Desde la tragedia de Iguala, el gobierno federal se ha encargado de darle carpetazo al caso, se ha negado a investigar a las autoridades de más alto rango. Lo más grave es que se ha empecinado en decir a otros gobiernos del mundo, que el caso de Iguala es un hecho aislado, para no poner en entredicho la imagen renovadora del presidente Enrique Peña Nieto y los supuestos logros con las reformas estructurales.
Esta práctica de negar la realidad y de no admitir que la colusión que existe entre el poder público y los grupos de la delincuencia organizada es un problema transversal que se vive en el país, es parte de la crisis de gobernabilidad que nos lleva hacia el colapso de un sistema que está corroído por la corrupción y que está cobrando muchas vidas.
La lucha de los padres y madres de los 43 estudiantes desaparecidos de la Normal Rural de Ayotzinapa ha sido el detonador de un cambio de fondo que busca contener esta debacle provocada por el mismo gobierno. Su exigencia por la presentación con vida de sus hijos no es sino el grito más preclaro sobre el cambio que requiere el país. Esta conciencia ética de la sociedad sintetizada en las voces de los papás y mamás es el llamado más consistente para que los gobiernos se bajen del pedestal y atiendan los reclamos de justicia. La violencia no tiene límites y las autoridades han quedado evidenciadas en su incapacidad de enfrentarla y de someter a sus pregoneros. La clase política se encuentra atrapada en su propio laberinto, cayó en las mismas garras del cuervo que crió y se ha tenido que someter a la misma ley de la barbarie que han impuesto al causar graves daños a la población.
No se trata de salvar por salvar el proceso electoral para que las cosas sigan igual; se trata, ante todo, de escuchar a la población que exige justicia y demanda cambios. De atender seriamente los focos rojos de la violencia y de enfrentar con rigor a quienes atentan contra la vida y vulneran nuestra endeble democracia. Para ello, se necesita acabar con este régimen obsoleto y con los políticos trepadores que forman parte de la delincuencia institucionalizada empotrada en los partidos y en la burocracia gubernamental.

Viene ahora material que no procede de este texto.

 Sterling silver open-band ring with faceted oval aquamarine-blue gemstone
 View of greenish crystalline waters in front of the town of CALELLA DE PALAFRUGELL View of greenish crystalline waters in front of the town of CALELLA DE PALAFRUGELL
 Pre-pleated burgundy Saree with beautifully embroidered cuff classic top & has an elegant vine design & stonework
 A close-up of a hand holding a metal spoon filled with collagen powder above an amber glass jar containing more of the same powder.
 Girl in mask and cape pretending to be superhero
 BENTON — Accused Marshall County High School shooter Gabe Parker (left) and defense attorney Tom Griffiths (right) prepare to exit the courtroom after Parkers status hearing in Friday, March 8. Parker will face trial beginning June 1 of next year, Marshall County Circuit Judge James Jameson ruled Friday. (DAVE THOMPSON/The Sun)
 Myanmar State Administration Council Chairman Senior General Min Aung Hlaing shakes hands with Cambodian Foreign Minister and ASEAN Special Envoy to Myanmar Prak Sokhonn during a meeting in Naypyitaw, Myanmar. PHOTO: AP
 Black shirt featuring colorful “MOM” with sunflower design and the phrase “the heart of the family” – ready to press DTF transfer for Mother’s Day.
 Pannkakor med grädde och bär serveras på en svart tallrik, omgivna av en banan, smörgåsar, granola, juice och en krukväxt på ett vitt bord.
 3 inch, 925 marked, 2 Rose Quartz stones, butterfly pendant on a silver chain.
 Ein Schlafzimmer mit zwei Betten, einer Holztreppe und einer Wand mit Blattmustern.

Los partidos políticos y sus candidatos deben entender que su futuro político no se circunscribe únicamente a obtener el triunfo electoral, sino que el sentido último de su razón de ser es reencontrarse con las luchas de la sociedad, es descentrar su actuación y entender que ellos no son el eje que guía los cambios en el país, sino que son los ciudadanos y ciudadanas de a pie los verdaderos actores de la transformación democrática, son los pueblos y las organizaciones sociales quienes forjan una nueva nación, y son ahora los padres y madres de familia que en medio de su dolor y de su lucha invencible nos ayudan a cruzar este umbral de la violencia para transitar hacia una sociedad donde se erradique la tortura y las desapariciones forzadas.